(Data block Opens)
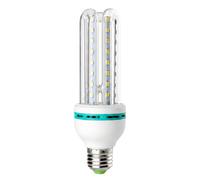Monetais 1 paquet d'ampoule LED maïs, ampoule E27 en forme de U, 32w 6000k blanc froid, faisceau large 360 °, E27 Non variable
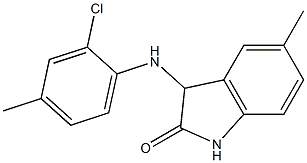 3-[(2-chloro-4-methylphenyl)amino]-5-methyl-2,3-dihydro-1H-indol-2-one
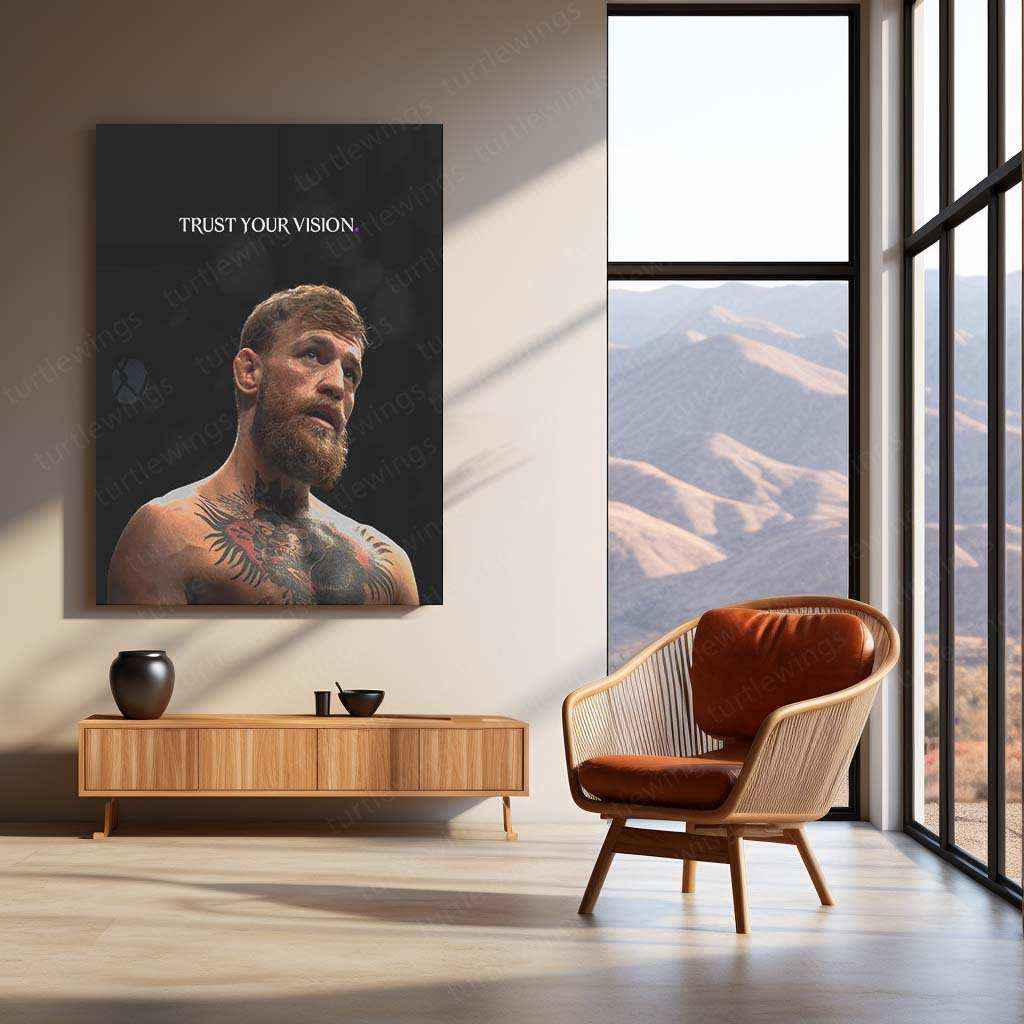 Conor McGregor Quote Metal Poster – Motivational MMA Wall Art | Fighter Mindset Decor 4 - TURTLEWINGS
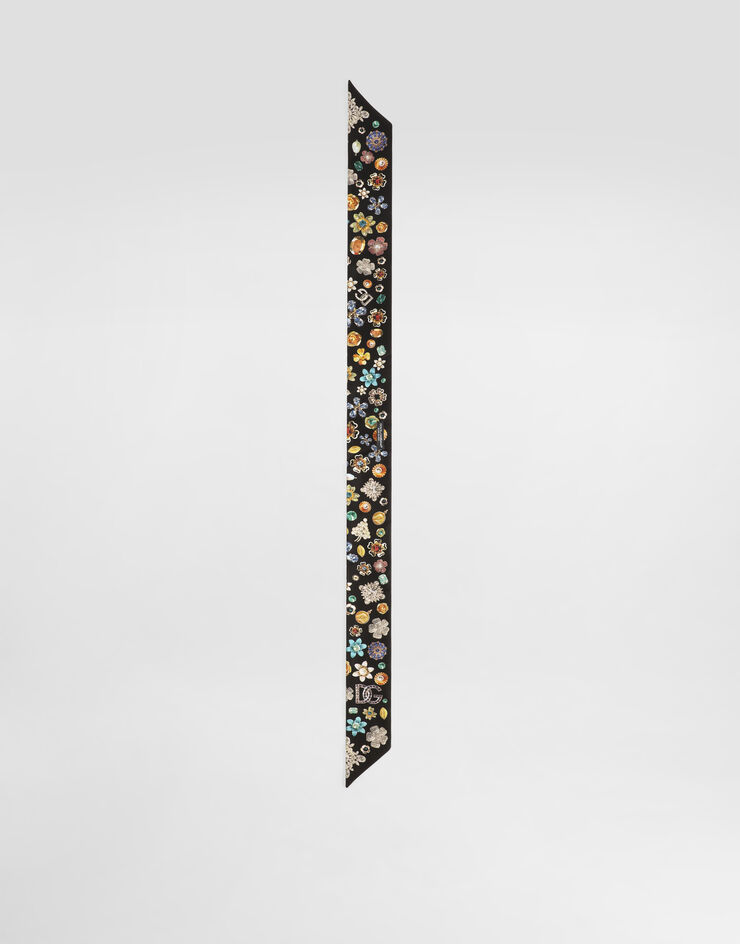Dolce & Gabbana Bandeau en sergé de soie Multicolore FS215AGDDAW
(Data block Closes)
*Aim of the task*.
Pictures stay out; print everything else in the data exactly.

*Task result*.
Monetais 1 paquet d'ampoule LED maïs, ampoule E27 en forme de U, 32w 6000k blanc froid, faisceau large 360 °, E27 Non variable
 3-[(2-chloro-4-methylphenyl)amino]-5-methyl-2,3-dihydro-1H-indol-2-one
 Conor McGregor Quote Metal Poster – Motivational MMA Wall Art | Fighter Mindset Decor 4 - TURTLEWINGS
Dolce & Gabbana Bandeau en sergé de soie Multicolore FS215AGDDAW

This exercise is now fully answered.